• EXERCISE DIRECTIONS:
Reproduce the entries beneath exactly, without their images.

(Spatial localization data)
+===+

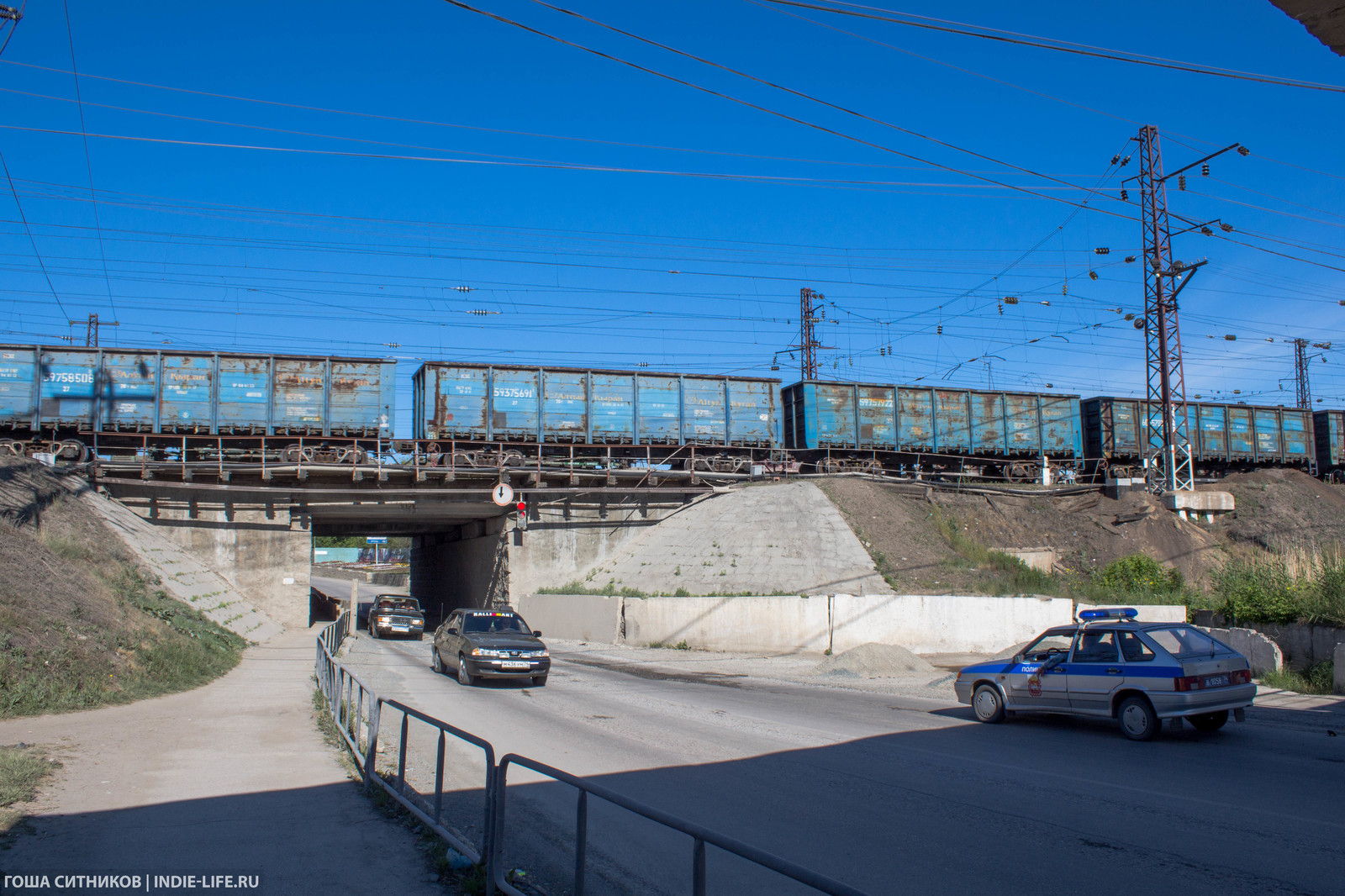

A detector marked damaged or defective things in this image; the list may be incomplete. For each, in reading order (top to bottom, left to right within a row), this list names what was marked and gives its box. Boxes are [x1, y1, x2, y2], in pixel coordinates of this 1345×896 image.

rusted metal panel [0, 343, 36, 427]
rusted metal panel [160, 352, 212, 430]
rusty railcar [0, 341, 395, 444]
rusted metal panel [214, 355, 266, 430]
rusted metal panel [272, 355, 326, 433]
rusted metal panel [328, 360, 393, 435]
rusted metal panel [489, 366, 541, 440]
rusted metal panel [541, 368, 588, 440]
rusty railcar [409, 360, 780, 449]
rusted metal panel [588, 368, 635, 438]
rusted metal panel [637, 371, 683, 440]
rusted metal panel [683, 373, 726, 440]
rusted metal panel [731, 379, 774, 444]
rusted metal panel [861, 382, 893, 446]
rusted metal panel [898, 387, 931, 449]
rusty railcar [780, 377, 1081, 473]
rusted metal panel [936, 390, 968, 455]
rusted metal panel [973, 390, 1005, 449]
rusty railcar [1081, 393, 1312, 473]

+===+

• RESPONSE:
A detector marked damaged or defective things in this image; the list may be incomplete. For each, in reading order (top to bottom, left to right within a row), this list names what was marked and gives its box. Boxes are [x1, y1, x2, y2], in pixel coordinates of this 1345×896 image.

rusted metal panel [0, 343, 36, 427]
rusted metal panel [160, 352, 212, 430]
rusty railcar [0, 341, 395, 444]
rusted metal panel [214, 355, 266, 430]
rusted metal panel [272, 355, 326, 433]
rusted metal panel [328, 360, 393, 435]
rusted metal panel [489, 366, 541, 440]
rusted metal panel [541, 368, 588, 440]
rusty railcar [409, 360, 780, 449]
rusted metal panel [588, 368, 635, 438]
rusted metal panel [637, 371, 683, 440]
rusted metal panel [683, 373, 726, 440]
rusted metal panel [731, 379, 774, 444]
rusted metal panel [861, 382, 893, 446]
rusted metal panel [898, 387, 931, 449]
rusty railcar [780, 377, 1081, 473]
rusted metal panel [936, 390, 968, 455]
rusted metal panel [973, 390, 1005, 449]
rusty railcar [1081, 393, 1312, 473]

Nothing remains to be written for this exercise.